Das Wort zum Ostermarsch: Pfarrer Henning Böger vor St. Magni in Braunschweig.
Das Wort zum Ostermarsch: Pfarrer Henning Böger vor St. Magni in Braunschweig. © Henning Noske

Da musst du doch schlucken, das kann man nicht hinnehmen, dagegen muss man was tun. Brigitte Constein-Gülde rezitiert Bert Brecht auf dem Magnikirchplatz: „Das Gedächtnis der Menschheit für erduldete Leiden ist erstaunlich kurz. Ihre Vorstellungsgabe für kommende Leiden ist fast noch geringer.“

Und dann kommt Brechts Zitat zum Tag: „Lasst uns das tausendmal Gesagte immer wieder sagen, damit es nicht einmal zu wenig gesagt wurde!“ Für Magni-Pfarrer Henning Böger ein Text (von 1952), den man auch heute noch in der Zeitung lesen könnte und sollte.
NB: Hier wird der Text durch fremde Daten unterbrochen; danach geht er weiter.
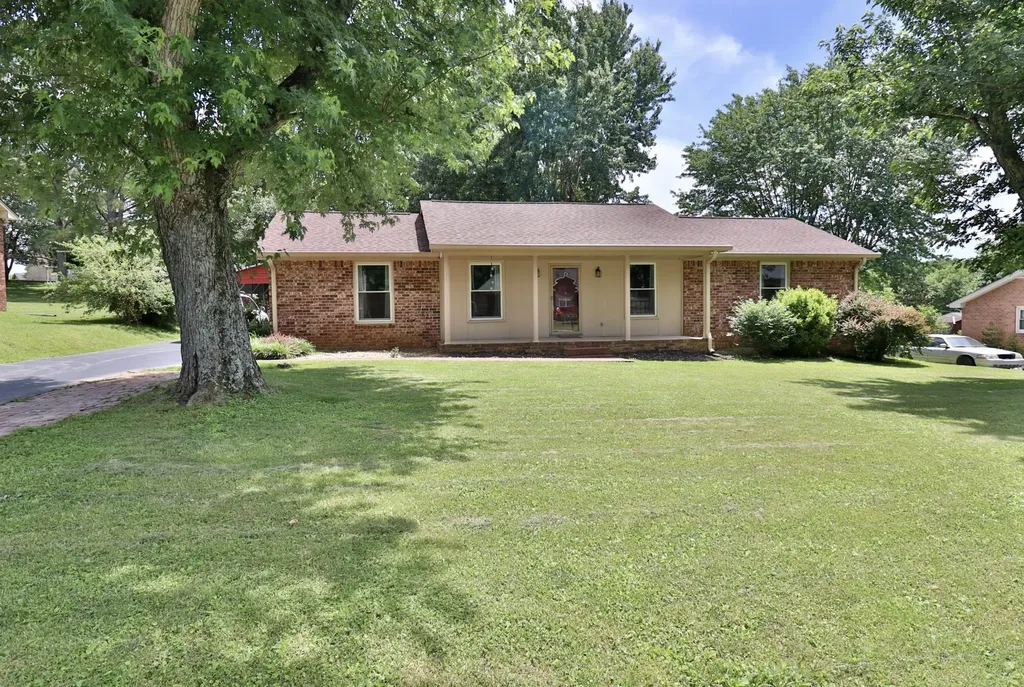 2317 Woodmont Drive Springfield TN 37172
„Mit Bertha von Suttner rufen wir: … “, ruft Elke Almut Dieter auch auf dem Rückweg zum Kohlmarkt noch ein ums andere Mal an diesem Tag.

Als die Friedensnobelpreisträgerin Bertha von Suttner am 21. Juni 1914 in Wien starb, waren es nur noch sieben Tage bis zum Attentat von Sarajevo – und sechs Wochen bis zum Ausbruch des Ersten Weltkriegs. Ein vier Jahre währender brutaler Stellungskrieg, eine Blutmühle, mit der auch der aktuelle Krieg in der Ukraine bereits verglichen wird. „ … Die Waffen nieder!“

Und sei es auch nur, damit es nicht einmal zu wenig gesagt wurde.